Gerald Klemenschitz: „Wahlberechtigt für die Wahl zum Kommandanten und -stellvertreter sind alle aktiven Feuerwehrmitglieder der jeweiligen Feuerwehr. Im Bezirk sind das rund 1.400 Feuerwehrmitglieder.“
Wie sehen Sie persönlich das neue FF-Wahlsystem?
„Ein demokratischen Wahlsystem ist immer gut. Die Mitglieder können sich nach demokratischen Prinzipien ihre Kommandanten wählen. Natürlich ist das Ganze mit einem gewissen administrativen Aufwand verbunden, der sich aber in Grenzen hält. Einzig, dass der Wahlzeitraum mit dem aktuellen Lockdown zusammenfällt, kann als kleiner Wermutstropfen gesehen werden. Die Organisation und Durchführung der Wahlen ist somit aufwendiger, aber unsere Feuerwehren haben das gut im Griff. “
Wo sind die großen Unterschiede zum bisherigen System?
„Im ,alten' System wurde der Kommandant bzw. Stellvertreter vom Bezirksfeuerwehrkommandanten auf Grund eines Vorschlages des Bürgermeisters ernannt. Der Bürgermeister hatte, bevor er diesen Vorschlag macht, die Aktive Mannschaft anzuhören. Wie diese Anhörung durchzuführen ist wurde nicht geregelt. Bei uns im Bezirk wurde auch früher schon, fast immer, diese Anhörung in Form einer Wahl durchgeführt. Es gab Fälle im Land, wo sich die Mannschaft für einen Kandidaten ausgesprochen hat, der Bürgermeister aber jemand anderen vorgeschlagen hat.

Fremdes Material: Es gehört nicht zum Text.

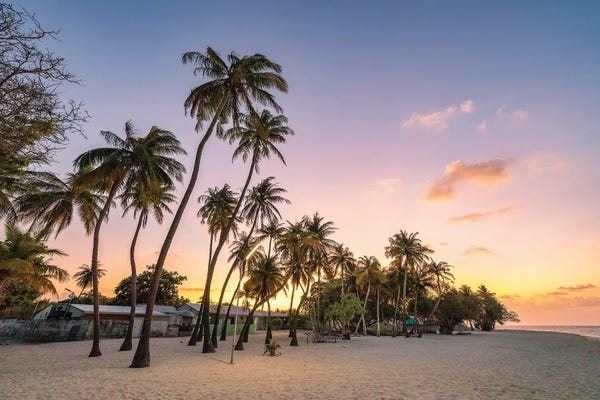 Maldives: Sunset On The Palm Beach, Maldives by Jan Becke
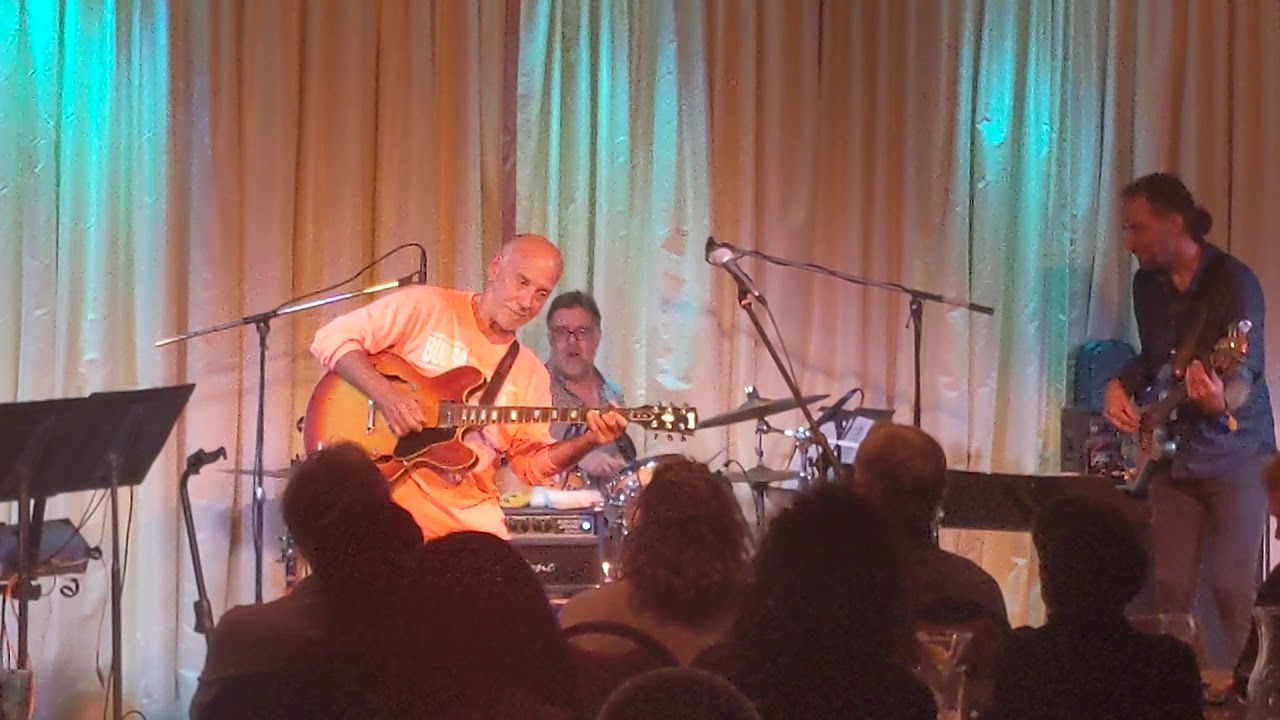 Larry Carlton 335
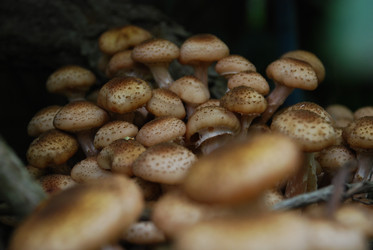 Similar image 21639121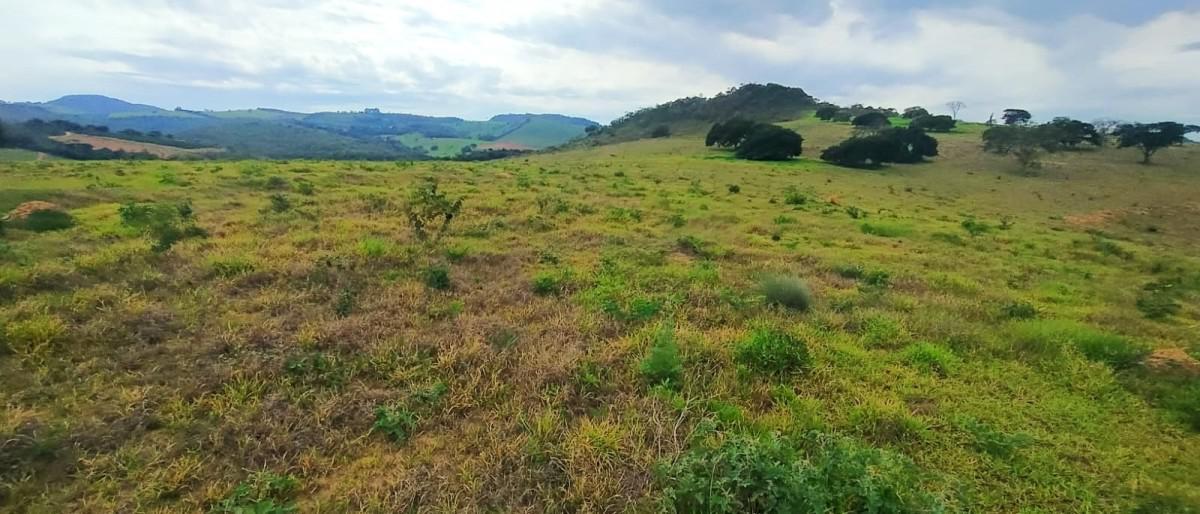 Fazenda, Zona Rural, 0 Quarto, 0 Vaga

Dies ist nun nicht mehr möglich. Das Ergebnis der Wahl ist bindend.“
Als bekannt wurde, dass FF-Kommandanten periodisch gewählt werden sollen, kam Kritik vor allem aus dem Bezirk Eisenstadt – was waren hier die Argumente gegen das neue Gesetz?
„Wahlen haben auch immer eine Form von ,Wahlkampf' als Begleiterscheinung. Als Kommandant kommt es vor, dass man auch manchmal unliebsame Entscheidungen treffen muss. Es gab die Befürchtung, dass dies Auswirkung auf die Wahl haben kann. Auch das Argument, dass sich Wahlwerber mit Versprechen oder ähnlichem Stimmen kaufen könnten.“
Wurden diese Bedenken mittlerweile ausgeräumt?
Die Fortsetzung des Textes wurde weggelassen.